This week’s 4cast:
1. Could We Have Some Privacy, Please?
Last month, when a widely read report labeled Google as “hostile to privacy,” some of the other major search engines saw a chink in the armor. Ask.com has just unveiled a tool to allow users to easily anonymize their search records, and everyone else is scrambling to promote and/or change their data retention policies.
- Google named worst privacy offender in study (Ars Technica)
- Poor Privacy Grade Reflects Google’s Growing Power (Wired)
- Microsoft To Anonymize Log Data; Calls For Industry Standards Along With Ask.com (Search Engine Land)
- Privacy Is The New Black (TechCrunch)
2. Harry Potter Cannot Save Everything
Named after the now-concluded series of books, the “Harry Potter Effect” has been said to permanently turn young folks from video game junkies into voracious readers. However, a current study by the National Endowment for the Arts casts some doubts on this theory.

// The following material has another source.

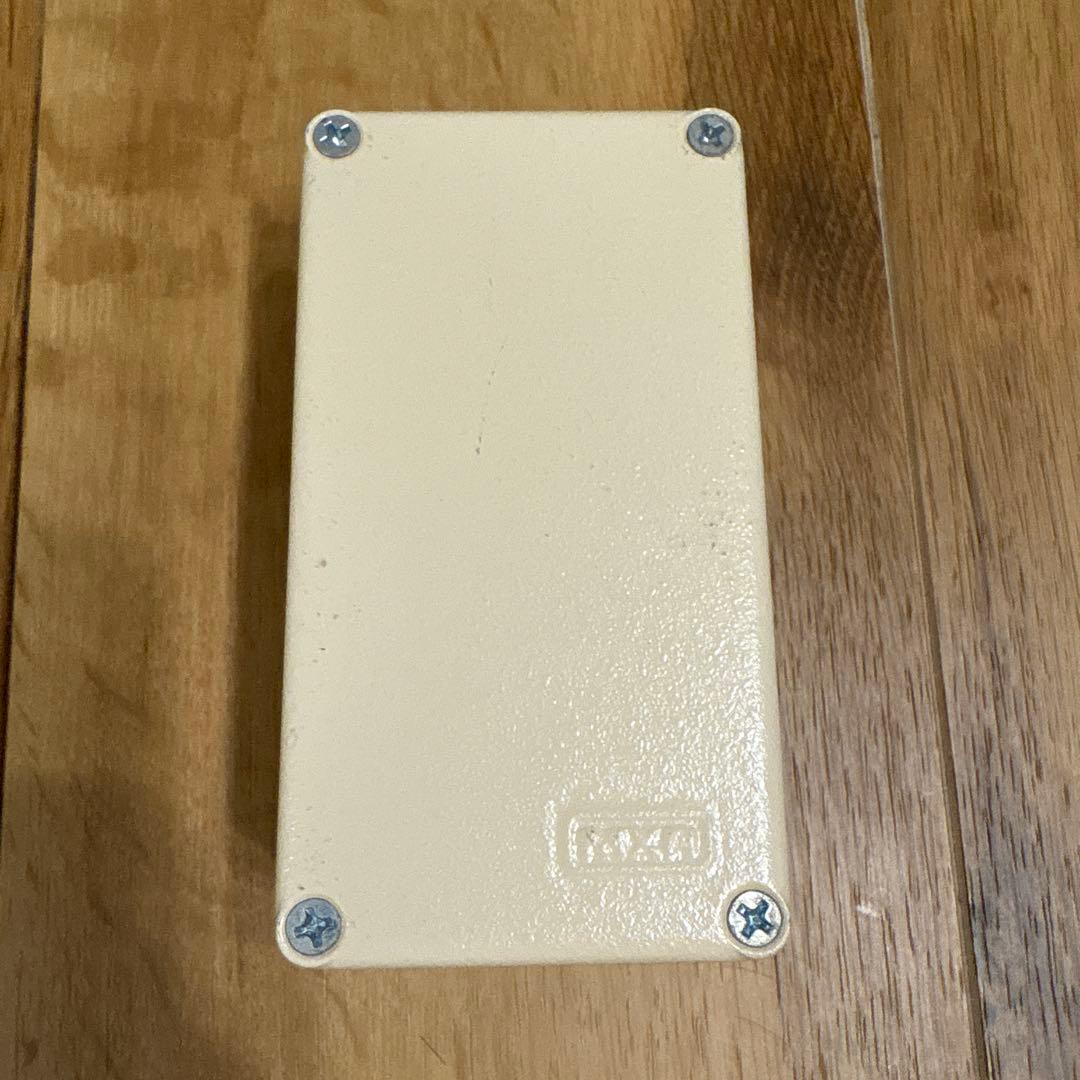 MXR microamp ギターエフェクター M133 マイクロアンプブースター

- Potter Has Limited Effect on Reading Habits (New York Times)
- Kids reading fewer books despite Harry Potter hoopla (San Francisco Chronicle)

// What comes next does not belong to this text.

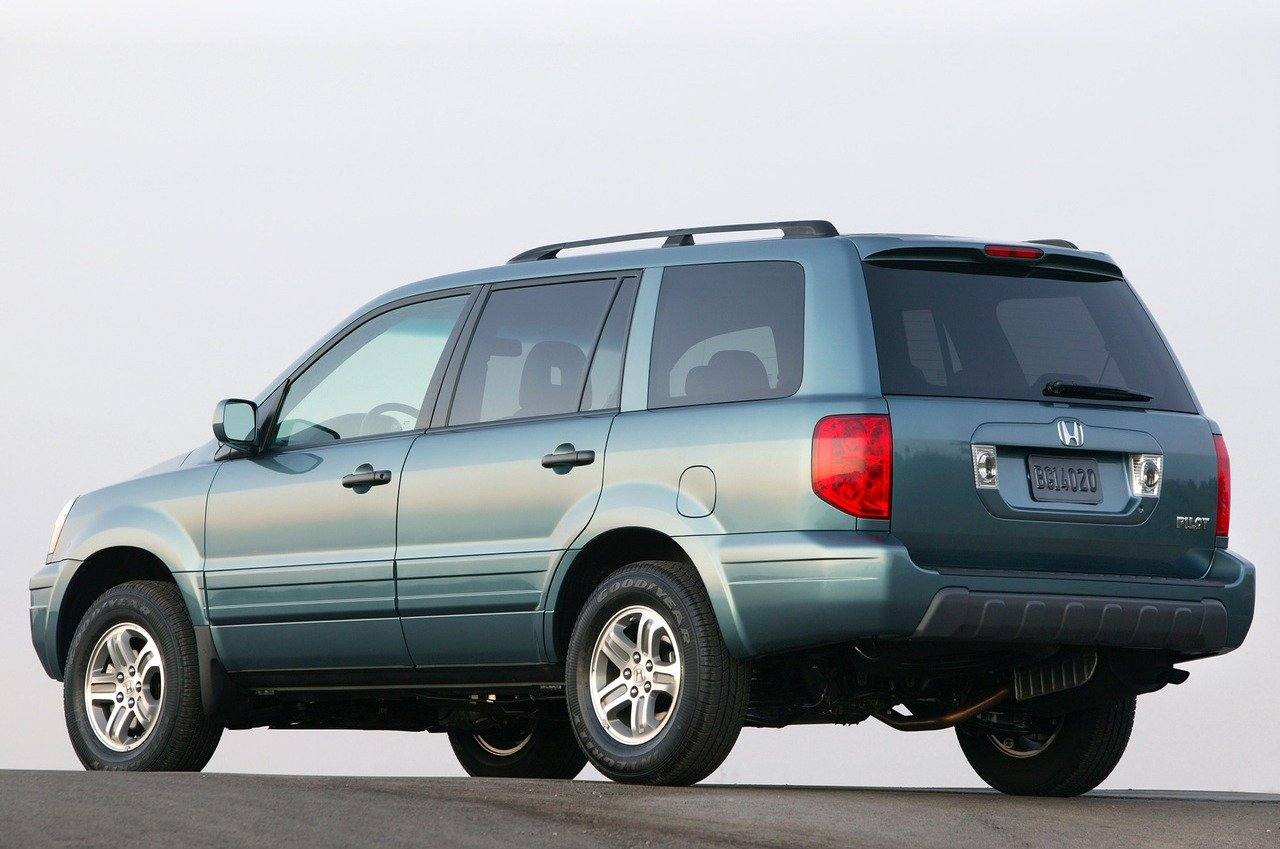 3.5 V6 EX-L (1st gen)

- Long Form Fiction and Mozart’s Operas (O’Reilly Radar)
- The Kids Aren’t All Right: Despite Harry Potter, teenagers aren’t reading (Print is Dead: Books in Our Digital Age)
3. Libraries, In Your Facebook
So if teens aren’t reading, what are they doing? More and more (teens and adults) are flocking to Facebook, which is now threatening MySpace for social networking supremecy. And with the recent rush by developers to create Facebook applications (see 4cast #57), libraries are trying to find new, novel ways to meet their patrons on the pages of Facebook.
- but once librarians get to facebook, what do they do there? (librarian.net)
- Facebook application for bookies; what makes the social web so *#@$ing awesome (LibrarianInBlack)
- Facebook to library apps: drop dead (See Also…)
- The New Facebook Developers Platform: Why Libraries Care (BIGWIG Presentation) (Libraryman)
4. Reports of Dewey’s Death Being Greatly Exaggerated
The Wall Street Journal just published an already much-blogged about article regarding the Perry Branch Library in Gilbert, Arizona, which is the first public library in the country to completely ditch the Dewey Decimal System (see 4cast #58) in favor of a more natural, bookstore-like organizational approach.